● PROBLEM DETAILS
Produce a verbatim copy of the data below that contains no pictures.

⟨

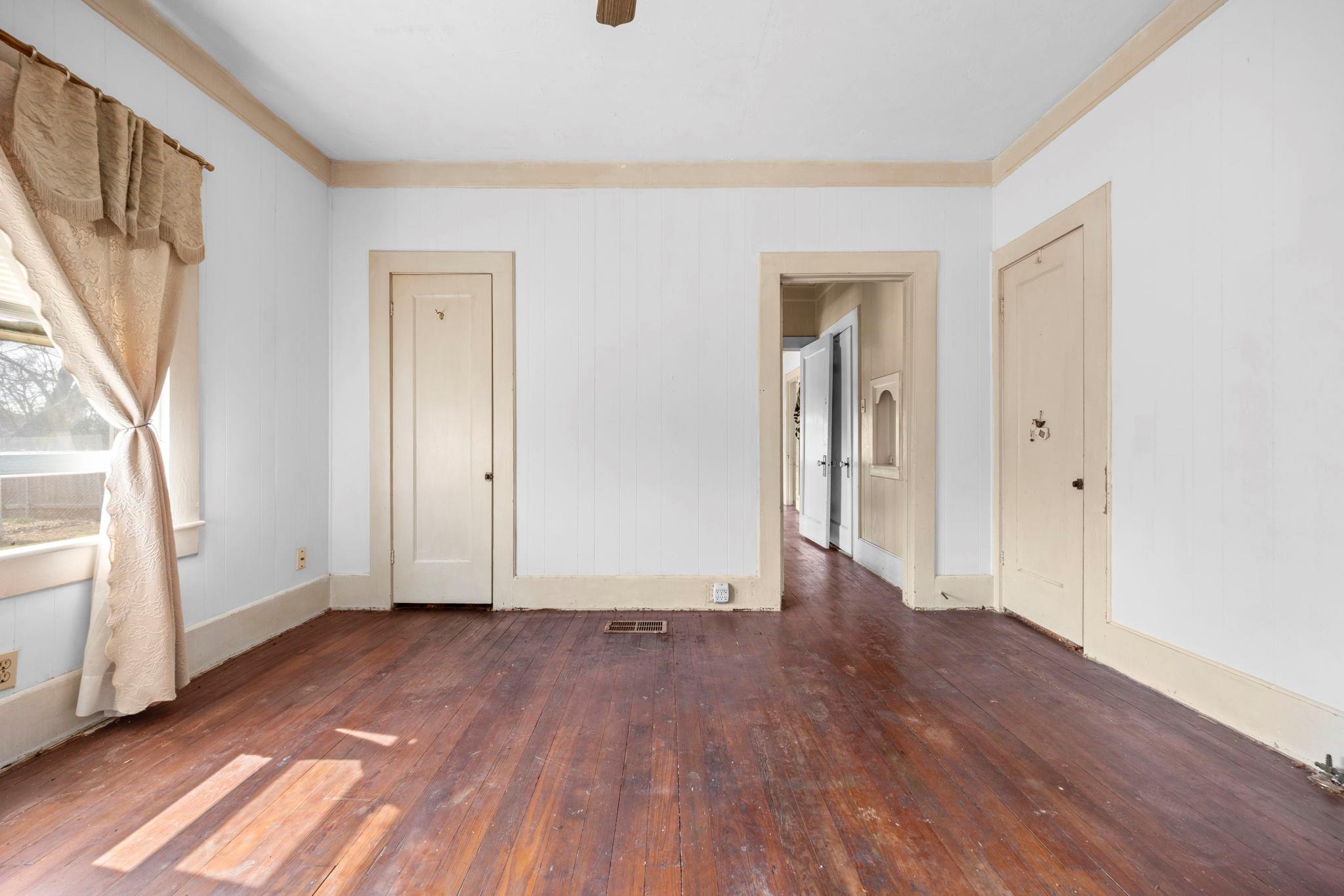 401 S Love Ave, Florence, TX 76527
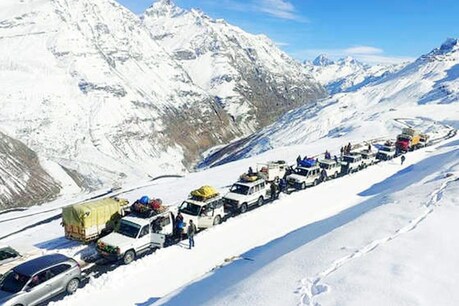 सांगला की सड़क पर गिरा ग्लेशियर का समंदर, HRTC बस ड्राइवर ने बचाई जान सांगला की सड़क पर गिरा ग्लेशियर का समंदर, HRTC बस ड्राइवर ने बचाई जान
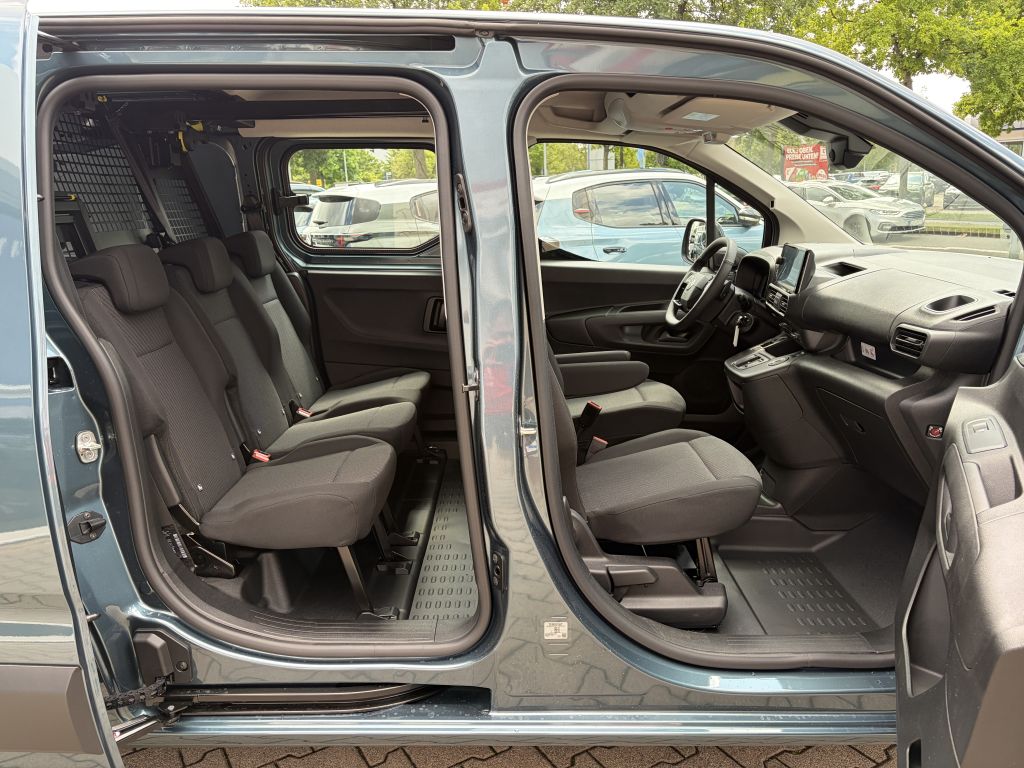 Fahrzeugabbildung Citroën Berlingo Doppellkabine XL Diesel 130 Automatik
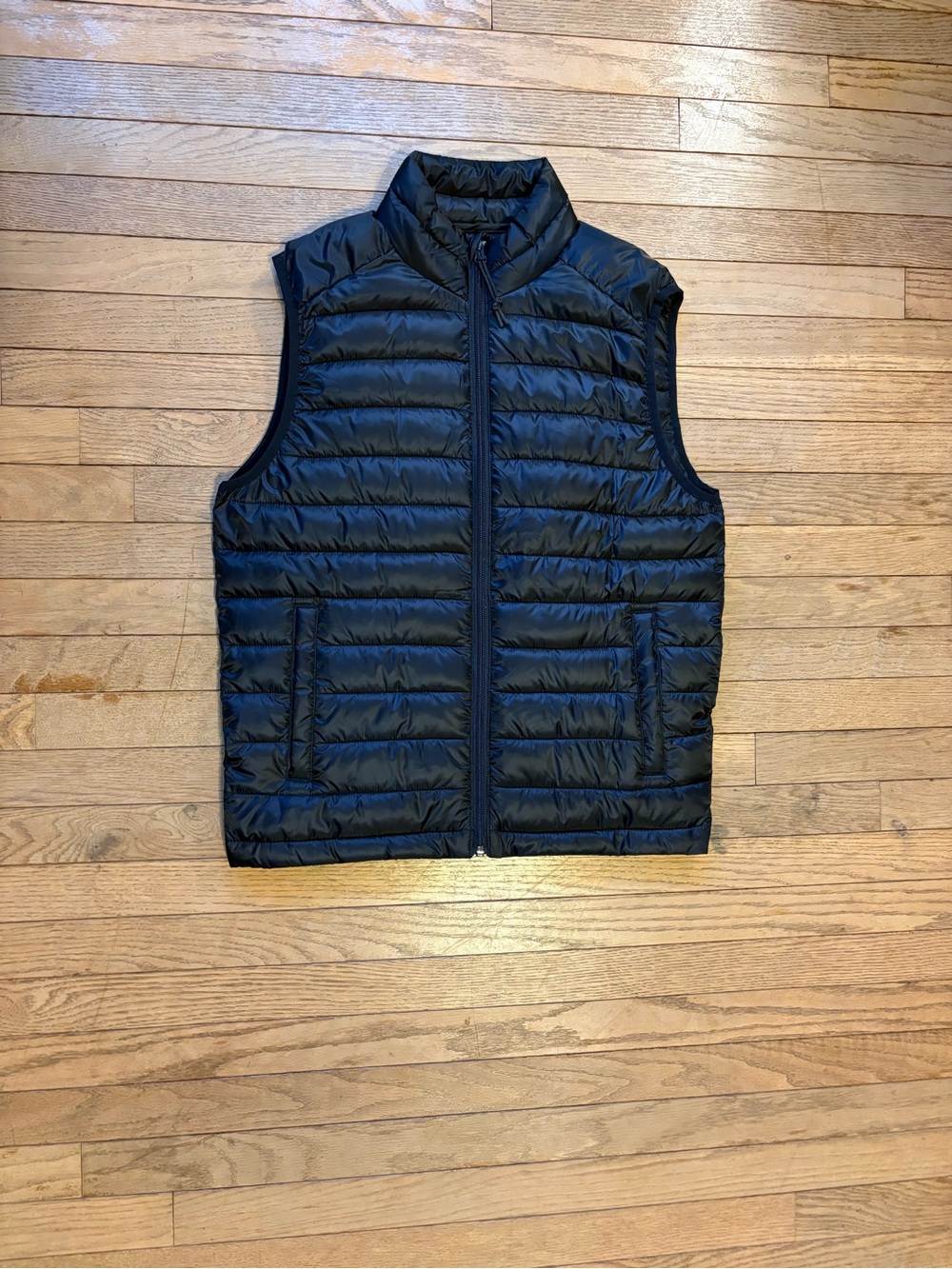 Men’s Aeropostale Zip-up Puffer Vest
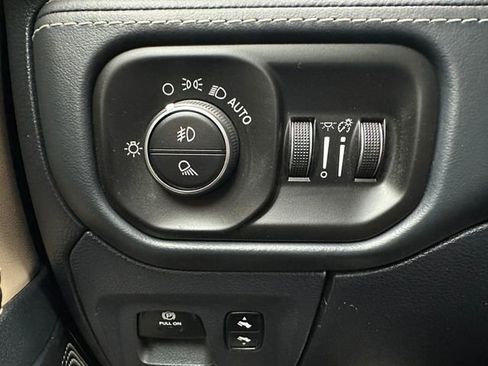 Used 2019 RAM 1500 Limited image 13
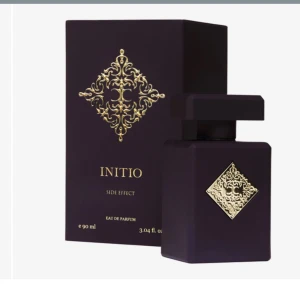 Side effekt  - 10 ml Side Effect. Kolla lista på de 28st mest haypade parfymer i marknaden och välj din favori. Jag köper in större mängd refiler på parfymerna från Holland därför jag får bra priser och kan sälja till grymma priser 👌🏼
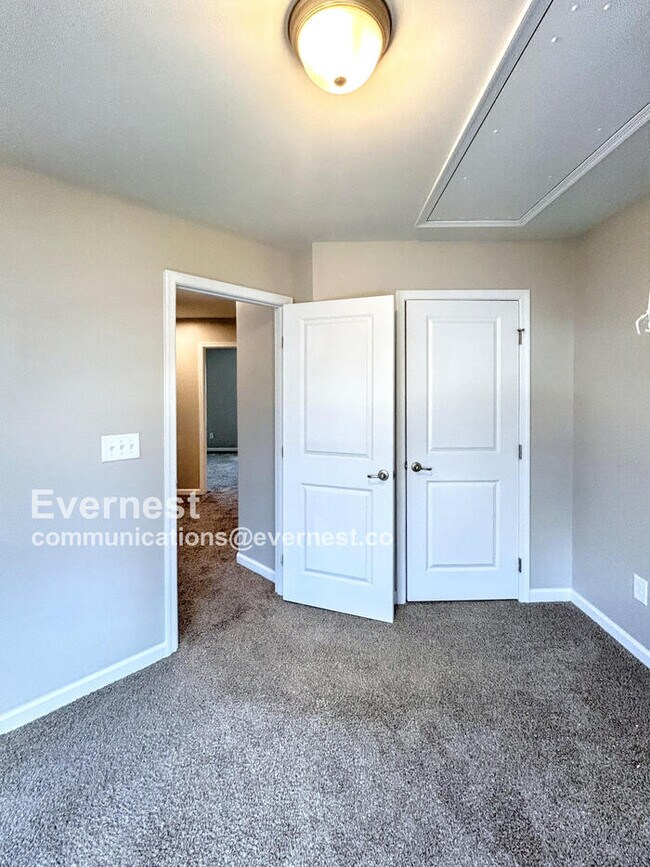 Building Photo - 4123 Audubon Pk Dr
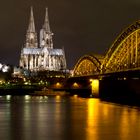 Kölner Dom bei Nacht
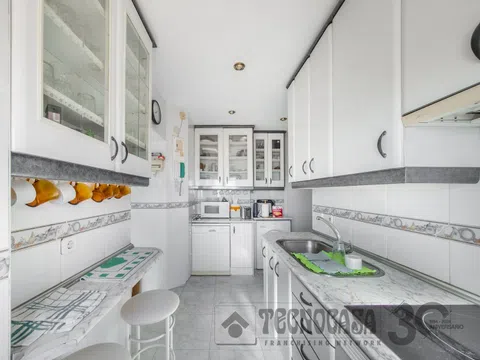 Flat in calle de Santa Engracia - Photo 19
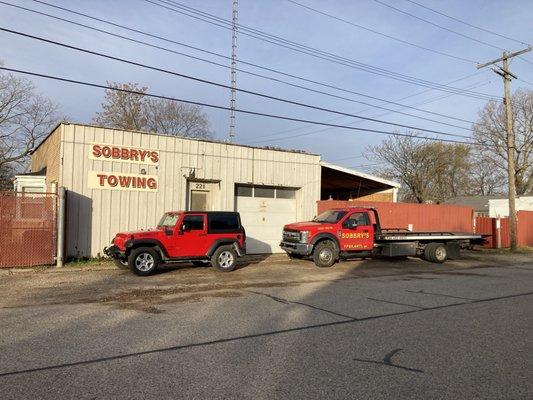 damage free towing credit cards excepted sorry we do not accept insurance like AAA or AL state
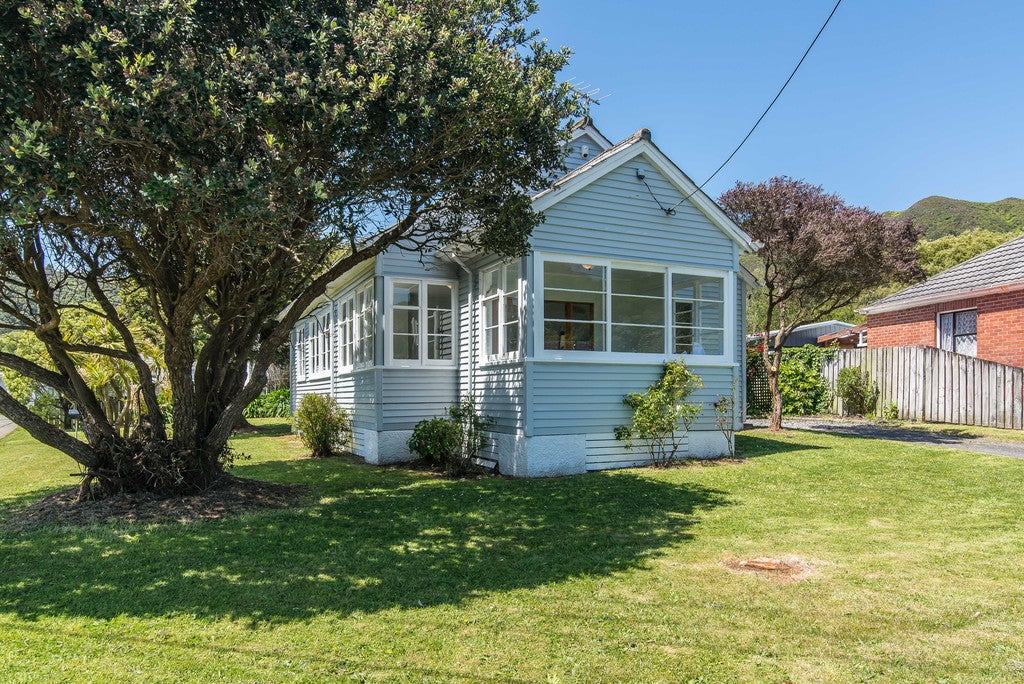 116 Waddington Drive, Naenae, Lower Hutt - Carousel 1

⟩

● YOUR RESPONSE
 401 S Love Ave, Florence, TX 76527
 सांगला की सड़क पर गिरा ग्लेशियर का समंदर, HRTC बस ड्राइवर ने बचाई जान सांगला की सड़क पर गिरा ग्लेशियर का समंदर, HRTC बस ड्राइवर ने बचाई जान
 Fahrzeugabbildung Citroën Berlingo Doppellkabine XL Diesel 130 Automatik
 Men’s Aeropostale Zip-up Puffer Vest
 Used 2019 RAM 1500 Limited image 13
 Side effekt  - 10 ml Side Effect. Kolla lista på de 28st mest haypade parfymer i marknaden och välj din favori. Jag köper in större mängd refiler på parfymerna från Holland därför jag får bra priser och kan sälja till grymma priser 👌🏼
 Building Photo - 4123 Audubon Pk Dr
 Kölner Dom bei Nacht
 Flat in calle de Santa Engracia - Photo 19
 damage free towing credit cards excepted sorry we do not accept insurance like AAA or AL state
 116 Waddington Drive, Naenae, Lower Hutt - Carousel 1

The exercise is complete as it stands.